Preserving a gem

Debar Pond Lodge is in the town of Duane in Franklin County. It’s part of a proposed land swap between the state and the Debar Pond Institute. Justin A. Levine/Adirondack Daily Enterprise

A sensible solution has been found to the state’s problem of what to do with Debar Pond Lodge in Franklin County — and, thankfully, it doesn’t entail tearing the beloved structure down.

According to a Jan. 21 story published by the Adirondack Almanack, the state took ownership of the Debar Lodge in 1979 and possession of it in 2004. Listed on the National Register of Historic Places, the lodge is in the town of Duane.

Sadly, the structure and associated buildings have fallen into disrepair. This put the state in a bind about what should be done with the lodge. One proposal was to tear all the buildings down.

“Located on the shore of secluded Debar Pond in the Debar Wild Forest unit of the Adirondack Forest Preserve, the lodge and associated buildings were designed by leading Adirondack architect William Distin and represent an outstanding example of rustic log construction,” the article reported. “Although Debar has great potential for public educational programs and lodging, the state has been unable or unwilling to find legal and appropriate uses for the structures. Rather it has recently proposed to tear down the buildings and reclassify the land as an Intensive Use area for camping, boating and day use. Fortunately, there is a better solution — one that preserves and uses the historic buildings in the public interest and allows public recreational access to Debar Pond and the surrounding Forest Preserve. This can be done through an amendment to Article 14 of the state constitution, which otherwise might require buildings in the Forest Preserve to be removed and the land to become forever wild. Such amendments, which allow exceptions to Article 14, have been used many times in the past to achieve a valuable public purpose.

“The proposed amendment for Debar Lodge is a ‘land exchange’ amendment in which the state would convey the Debar building complex on a few acres of land to a nonprofit organization and, in return, the nonprofit organization would convey to the state a much larger and equally valuable parcel of land to become part of the Adirondack Forest Preserve. The property lines would be drawn and conditions built into the exchange that would [ensure] that Debar Lodge be operated for public purposes and that the public would still have recreational use of Debar Pond and the surrounding Forest Preserve.”

This all sounds reasonable. But the sticking point has long the state’s inability to identify a nonprofit organization with the experience and financial resources to carry out such a plan.

“Enter the Debar Pond Institute,” according to the story. “Motivated by the imminent threat of losing this valuable [historic] and architectural resource, a group of Adirondack citizens with a long and distinguished record in nonprofit administration, historic preservation, public lodging and business have formed a new, New York not-for-profit educational organization to preserve Debar Lodge and operate it in the public interest. Significantly, they have also received commitments from private sources for the funds needed to accomplish the land exchange and substantially rehabilitate and equip the lodge for public use.

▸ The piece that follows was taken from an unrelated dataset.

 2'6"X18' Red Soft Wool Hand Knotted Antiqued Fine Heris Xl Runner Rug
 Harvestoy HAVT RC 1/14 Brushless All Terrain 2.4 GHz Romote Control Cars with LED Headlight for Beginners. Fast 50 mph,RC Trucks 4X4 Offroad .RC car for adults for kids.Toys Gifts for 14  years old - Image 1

“More specifically, the Institute proposes that in return for receiving the Debar complex on 6 acres, it will convey at least 300 acres of land to the state for the Forest Preserve. It will agree to maintain the buildings according the Secretary of the Interior’s Standards for the Rehabilitation of Historic Buildings. And, consistent with its purpose ‘to preserve Debar Pond Lodge for the education, enjoyment and inspiration of present and future generations,’ it will operate a diverse program open to the public, including: educational programs including environmental and outdoor education, Adirondack history and historic preservation, veterans support and/or personal growth and development; public lodging and recreation; and public tours.”

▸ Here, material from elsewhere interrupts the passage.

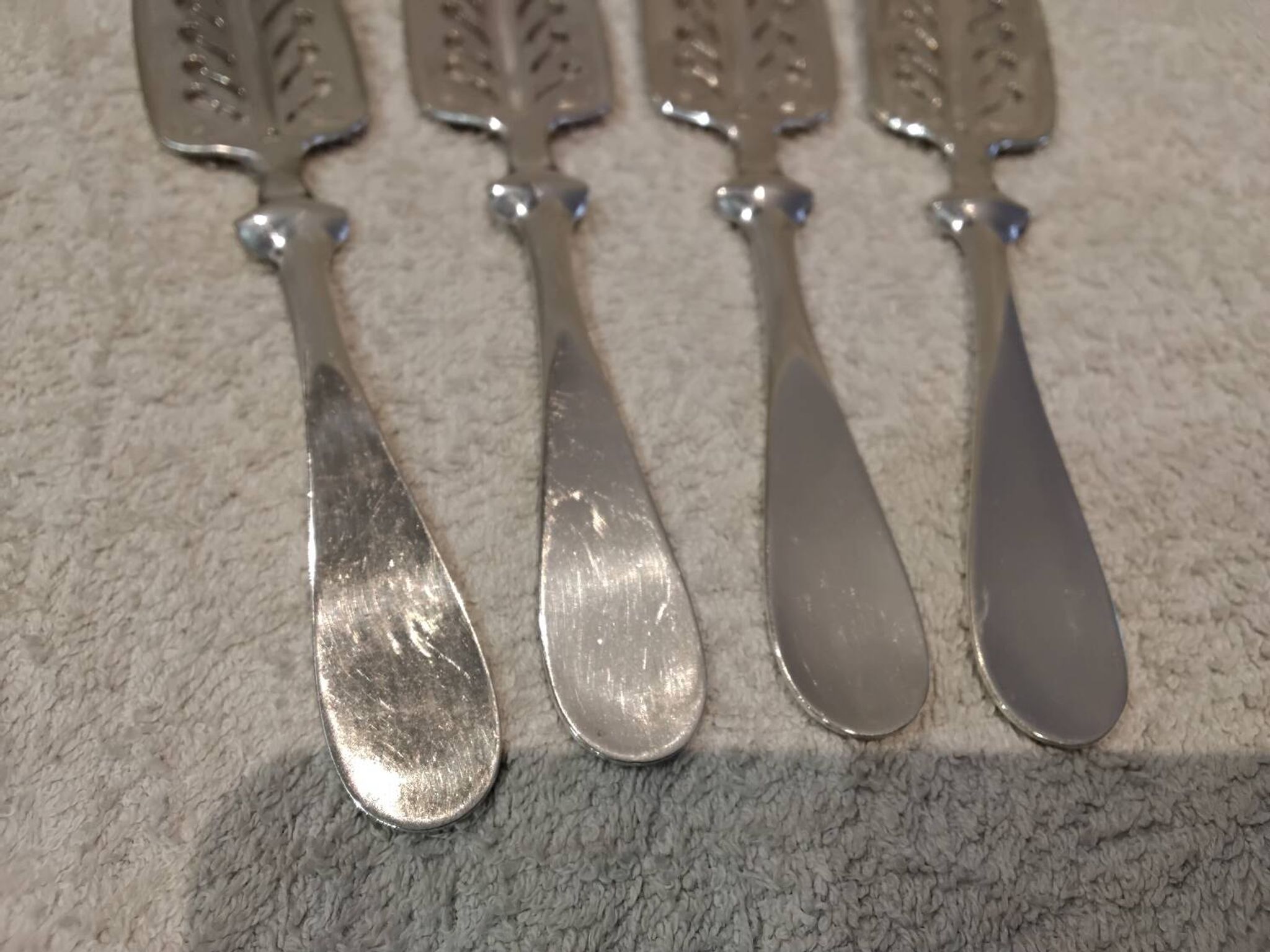 4 silver-plated absinthe spoons by Christofle, 17.5cm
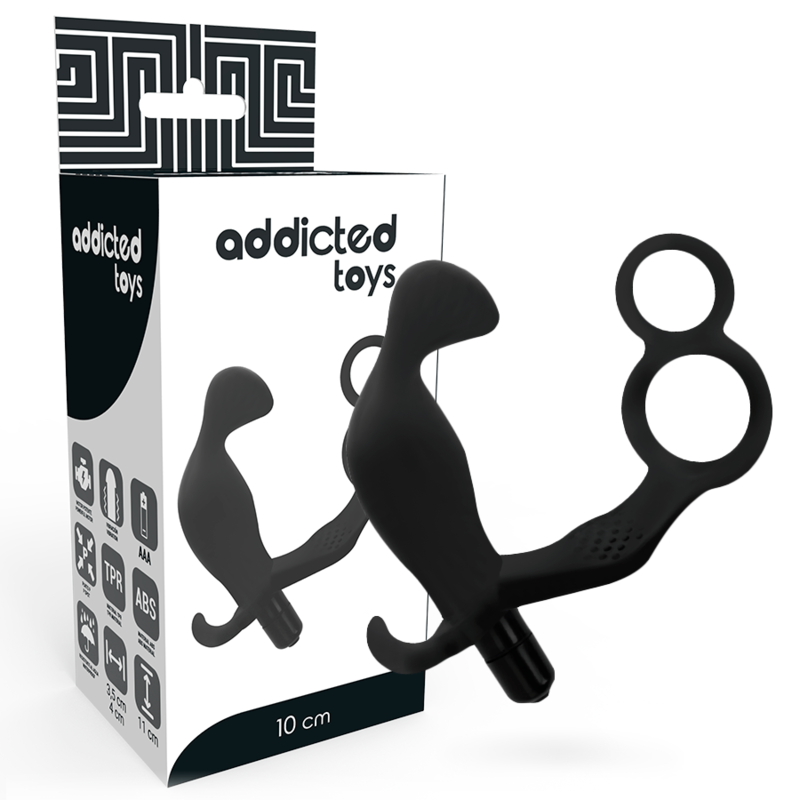 ANALPLUG MIT DOPPELTEM PENISRING UND HODEN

This is a wonderful idea that will maintain Debar Pond Lodge and restore its facilities. The Debar Pond Institute would take over the responsibility of maintaining the buildings and designing programs for its use; this also will result in 300 acres of land being turned over to the state to become part of the Adirondack Forest Preserve. The Franklin County Board of Legislators voted Feb. 18 to support the proposal.; the Duane Town Board passed a similar measure last month.

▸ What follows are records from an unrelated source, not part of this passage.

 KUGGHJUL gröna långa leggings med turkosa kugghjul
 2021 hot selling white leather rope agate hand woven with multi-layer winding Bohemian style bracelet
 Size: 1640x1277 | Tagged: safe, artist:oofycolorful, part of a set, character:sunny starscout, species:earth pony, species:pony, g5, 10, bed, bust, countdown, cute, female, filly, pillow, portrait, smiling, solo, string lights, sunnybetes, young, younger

“Officials of the town of Duane, as well as county officials, believe the site to have ‘great potential as a cultural, education and recreational resource for the local area of the Adirondack north country region,’” according to a story published Saturday by the Watertown Daily Times. “Officials believe the proposed land trade would preserve the historic structures at the lodge while providing a tourist-like area that could contribute to the local economy. Saving the lodge could also enhance perseverance of the state forest, without costing the state expenses involving demolition and new construction, officials said.”

But to put this plan into motion, an amendment to the state constitution must be passed. This requires the approval of both the state Assembly and Senate in two successive legislative sessions. Then the measure would need to be voted on by residents in a referendum.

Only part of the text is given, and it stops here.